La recompensa del posadero del Pony Pisador
Tras escapar de Sáruman, Gandalf llegó a la aldea de Bree la noche del 30 de septiembre y en seguida fue al Poney Pisador a pedir explicaciones a Cebadilla Mantecona…
“¡Mantecona, lo llaman!” pensó Gandalf, caminando apresurado por las calles de Bree. “Si es culpable de esta demora, le derretiré toda la manteca, asándolo a fuego lento a ese viejo tonto.»
En la cálida penumbra del salón principal del Pony Pisador, Gandalf irrumpió con la fuerza de un viento del norte.
El tabernero, pálido como la espuma de una jarra mal servida, soltó un gemido y se dejó caer sobre un banco cercano. Sudaba copiosamente, y su rechoncho cuerpo parecía encogerse con cada paso que Gandalf daba hacia él.
“¡Perdón, señor! ¡Perdón!” balbuceó Cebadilla, agitando las manos como si pudiera apaciguar al mago con gestos. “¡No fue mi intención, se lo juro! La carta… la puse junto al registro… y luego… y luego…”

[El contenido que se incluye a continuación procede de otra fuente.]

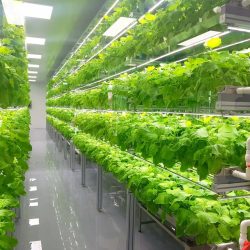 rsz_verticalfarming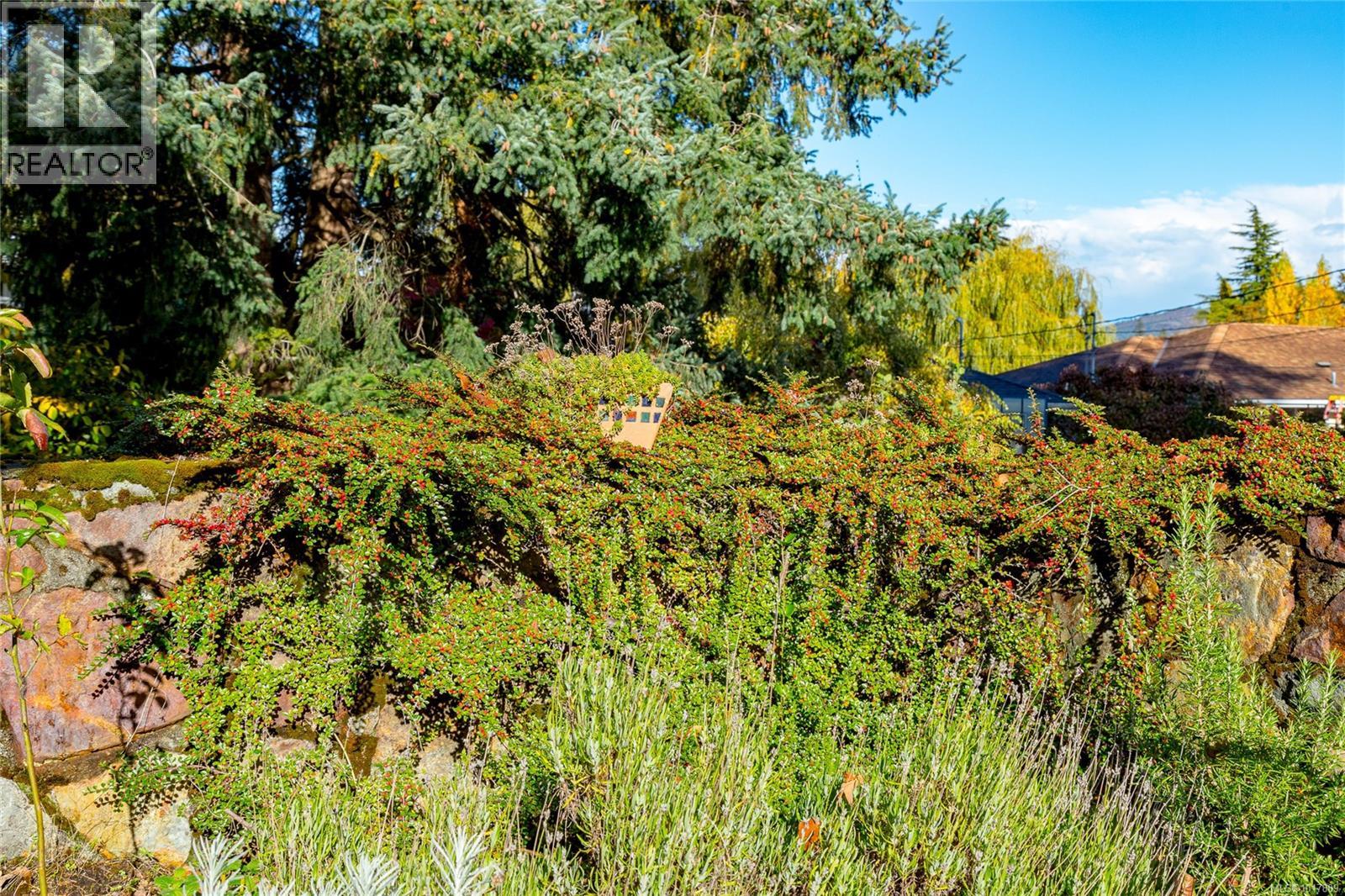 991 Snowdrop Avenue, Saanich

“¿Olvidaste enviarla?” replicó Gandalf con un tono severo, inclinándose hacia él con los ojos brillando como brasas encendidas.
Cebadilla tragó saliva y asintió débilmente.
Gandalf lo miró por un largo momento, con ceño fruncido y severo, mientras el tabernero comenzaba a temblar como un flan. Finalmente, el mago soltó un suspiro y su postura se relajó ligeramente.
“Está bien, Cebadilla, ya no importa la carta. Lo que importa ahora es Frodo. Dime, ¿estuvo aquí? ¿Qué pasó?”
Cebadilla parpadeó, como si las palabras de Gandalf le hubieran dado permiso para respirar de nuevo. “Sí, señor. Llegó ayer con otros tres hobbits. Y esta misma mañana se fueron… con Trancos.”
“¿Trancos?” Los ojos de Gandalf brillaron con intensidad renovada. Se inclinó hacia Cebadilla, que se encogió de nuevo. “¿Estás seguro?”
“Sí, señor, temo que sí. No pude impedir que se acercara a ellos y ellos se fueron con él. Actuaron de un modo muy raro todo el tiempo que estuvieron aquí; tercos, diría yo. ”
Gandalf se quedó en silencio por un momento, procesando las palabras. Lentamente, una sonrisa comenzó a dibujarse en su rostro, y dejó escapar un suspiro de alivio. “¡Asno! ¡Tonto! ¡Tres veces digno y querido Cebadilla!” exclamó finalmente, abrazando al posadero. “Son las mejores noticias que he tenido desde el solsticio de verano; valen por lo menos una pieza de oro. ¡Que tu cerveza se beneficie con un encantamiento de excelencia insuperable durante siete años!. Ahora puedo tomarme una noche de descanso, la primera desde no sé cuánto tiempo.